Here the job is to retype the data word for word while leaving the pictures aside.

DATA EXTRACT -
• • • •

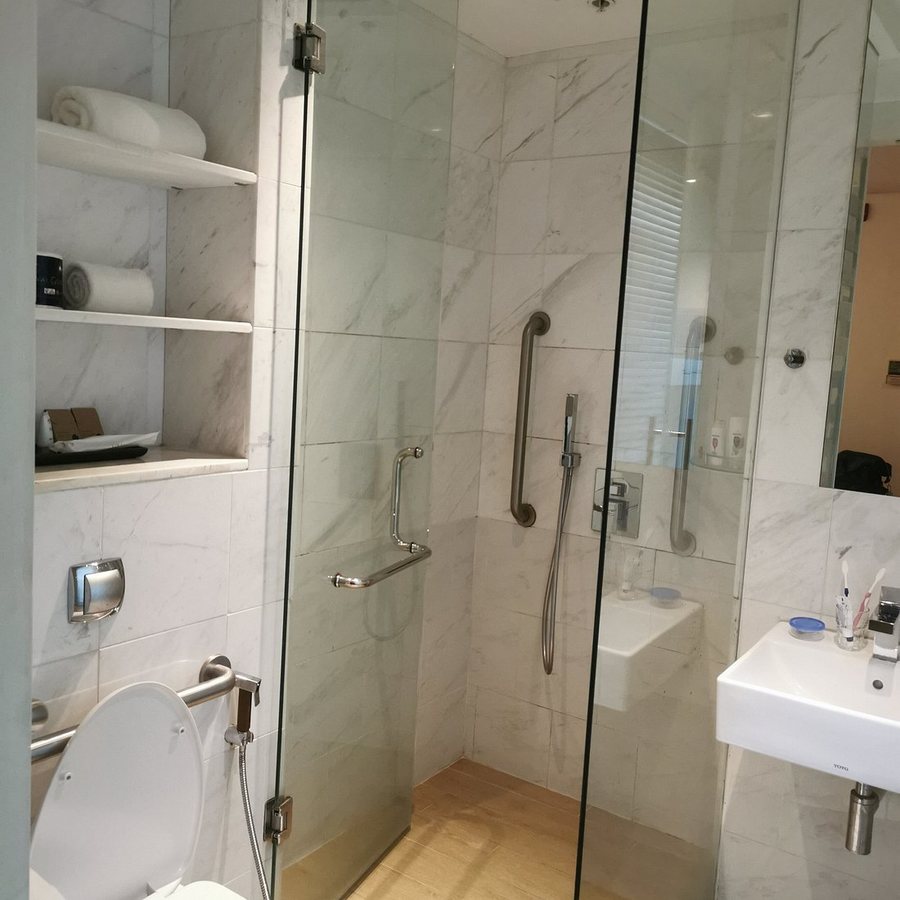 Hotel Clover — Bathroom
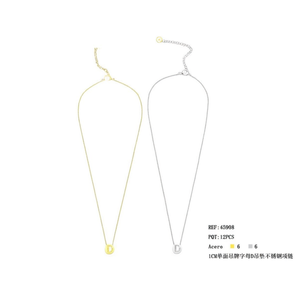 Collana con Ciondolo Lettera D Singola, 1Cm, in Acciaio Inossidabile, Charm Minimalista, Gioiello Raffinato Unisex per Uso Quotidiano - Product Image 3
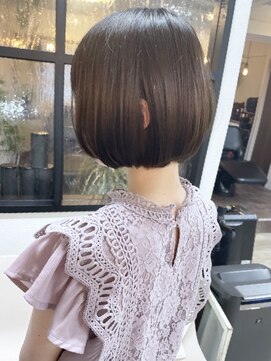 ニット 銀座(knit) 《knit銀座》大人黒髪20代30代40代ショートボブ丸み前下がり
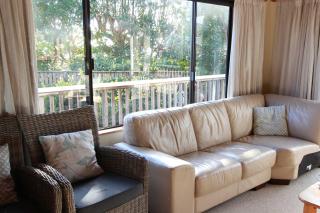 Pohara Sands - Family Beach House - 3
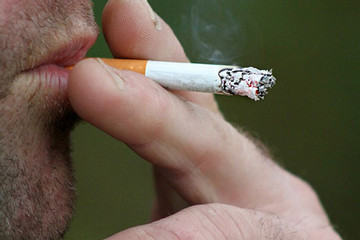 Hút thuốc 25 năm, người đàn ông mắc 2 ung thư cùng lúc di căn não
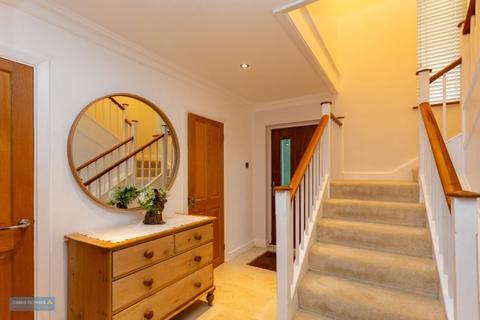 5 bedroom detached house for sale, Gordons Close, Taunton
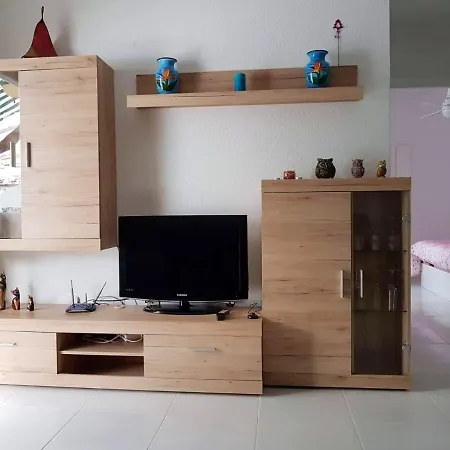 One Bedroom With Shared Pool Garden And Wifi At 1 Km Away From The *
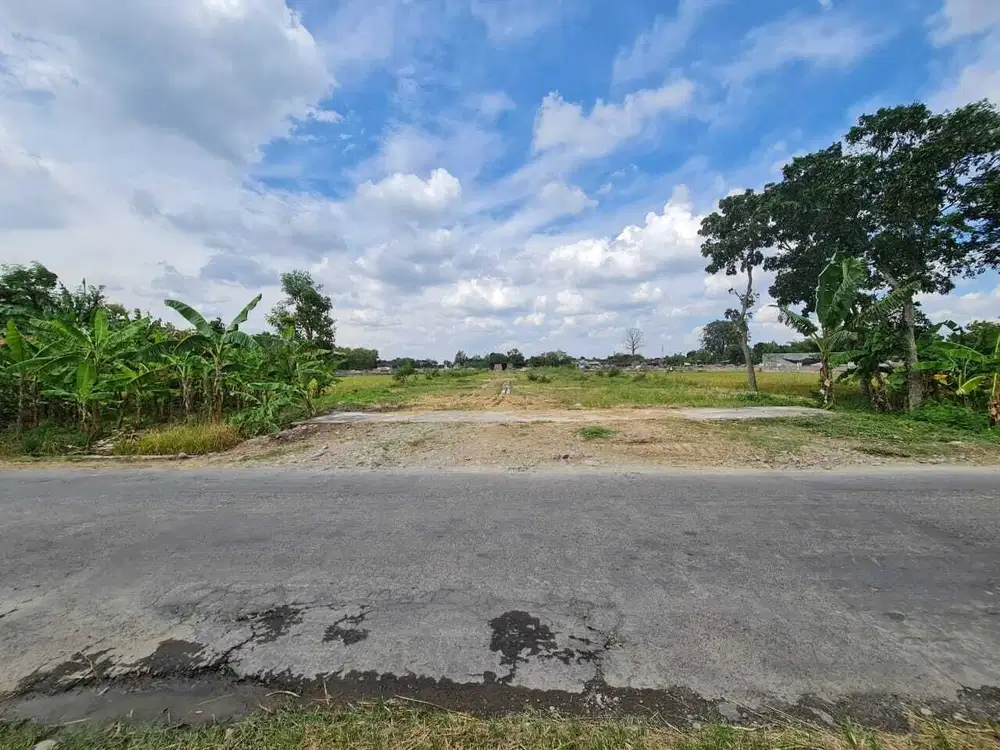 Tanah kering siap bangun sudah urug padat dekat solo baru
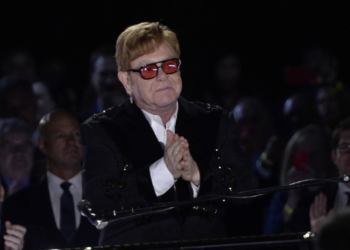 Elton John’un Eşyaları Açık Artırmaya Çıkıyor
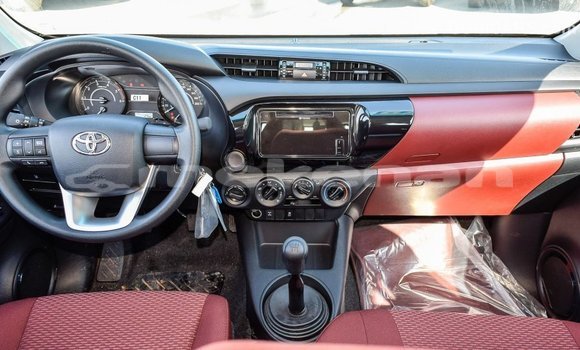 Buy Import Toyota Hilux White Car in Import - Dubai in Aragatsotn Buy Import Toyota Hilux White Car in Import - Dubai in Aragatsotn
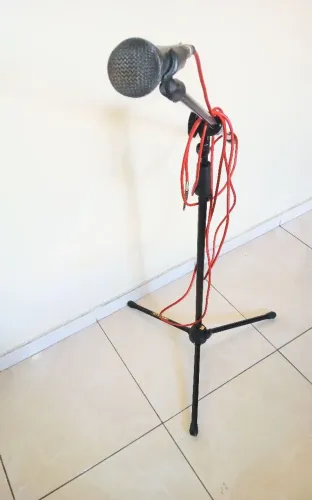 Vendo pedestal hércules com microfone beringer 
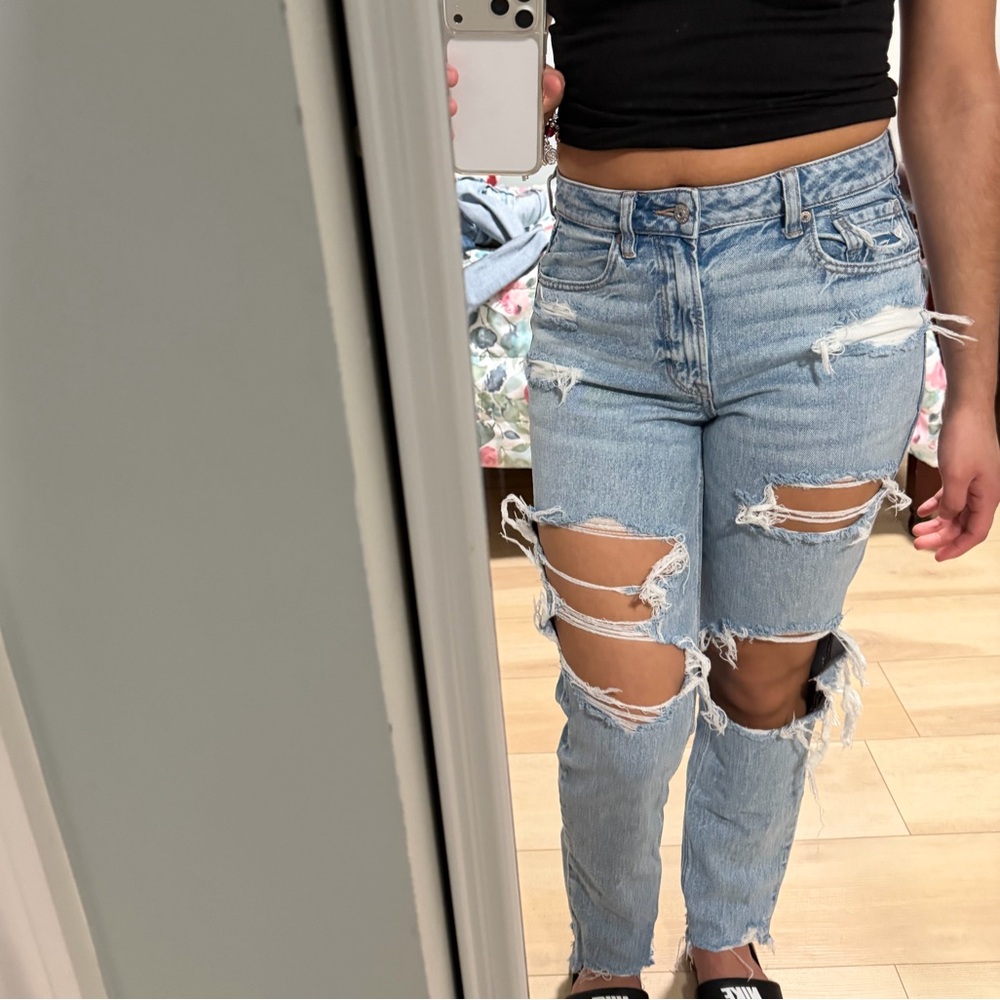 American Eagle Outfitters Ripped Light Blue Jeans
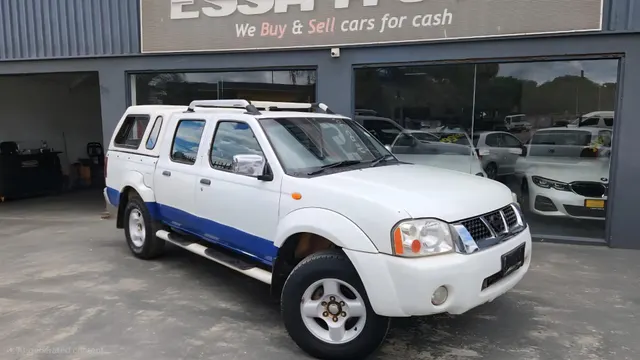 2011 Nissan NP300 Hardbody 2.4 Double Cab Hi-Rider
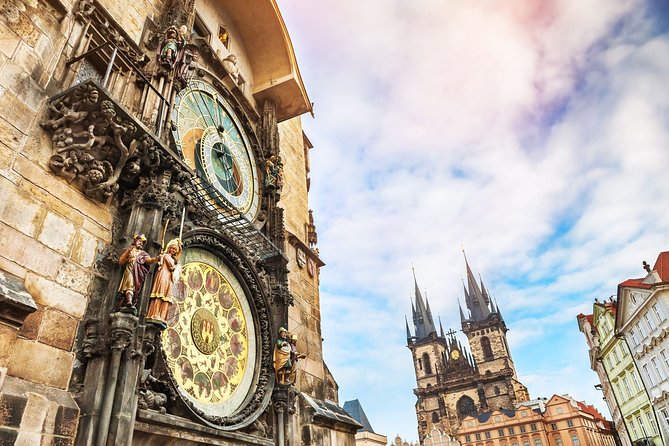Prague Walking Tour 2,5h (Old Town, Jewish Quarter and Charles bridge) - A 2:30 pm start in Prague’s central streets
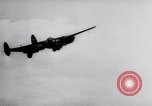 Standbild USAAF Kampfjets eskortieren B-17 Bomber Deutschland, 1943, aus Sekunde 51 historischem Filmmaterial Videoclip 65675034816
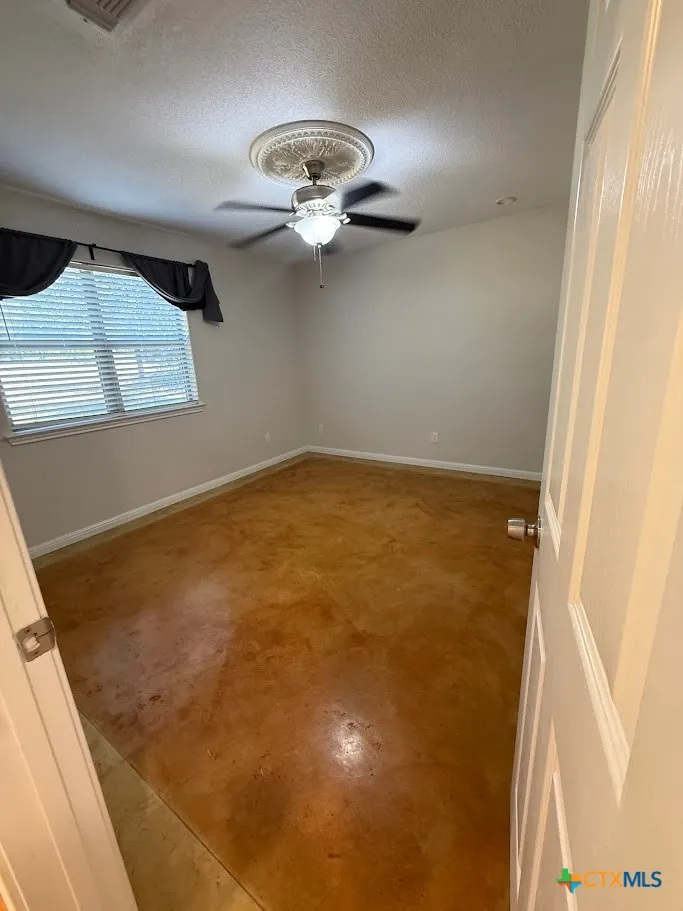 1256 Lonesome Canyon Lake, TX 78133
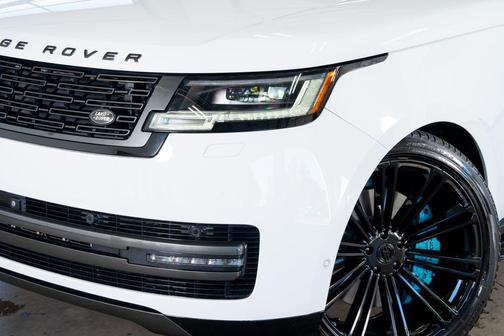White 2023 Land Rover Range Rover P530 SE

• • • •

THE COMPLETED TASK -
 Hotel Clover — Bathroom
 Collana con Ciondolo Lettera D Singola, 1Cm, in Acciaio Inossidabile, Charm Minimalista, Gioiello Raffinato Unisex per Uso Quotidiano - Product Image 3
 ニット 銀座(knit) 《knit銀座》大人黒髪20代30代40代ショートボブ丸み前下がり
 Pohara Sands - Family Beach House - 3
 Hút thuốc 25 năm, người đàn ông mắc 2 ung thư cùng lúc di căn não
 5 bedroom detached house for sale, Gordons Close, Taunton
 One Bedroom With Shared Pool Garden And Wifi At 1 Km Away From The *
 Tanah kering siap bangun sudah urug padat dekat solo baru
 Elton John’un Eşyaları Açık Artırmaya Çıkıyor
 Buy Import Toyota Hilux White Car in Import - Dubai in Aragatsotn Buy Import Toyota Hilux White Car in Import - Dubai in Aragatsotn
 Vendo pedestal hércules com microfone beringer 
 American Eagle Outfitters Ripped Light Blue Jeans
 2011 Nissan NP300 Hardbody 2.4 Double Cab Hi-Rider
Prague Walking Tour 2,5h (Old Town, Jewish Quarter and Charles bridge) - A 2:30 pm start in Prague’s central streets
 Standbild USAAF Kampfjets eskortieren B-17 Bomber Deutschland, 1943, aus Sekunde 51 historischem Filmmaterial Videoclip 65675034816
 1256 Lonesome Canyon Lake, TX 78133
White 2023 Land Rover Range Rover P530 SE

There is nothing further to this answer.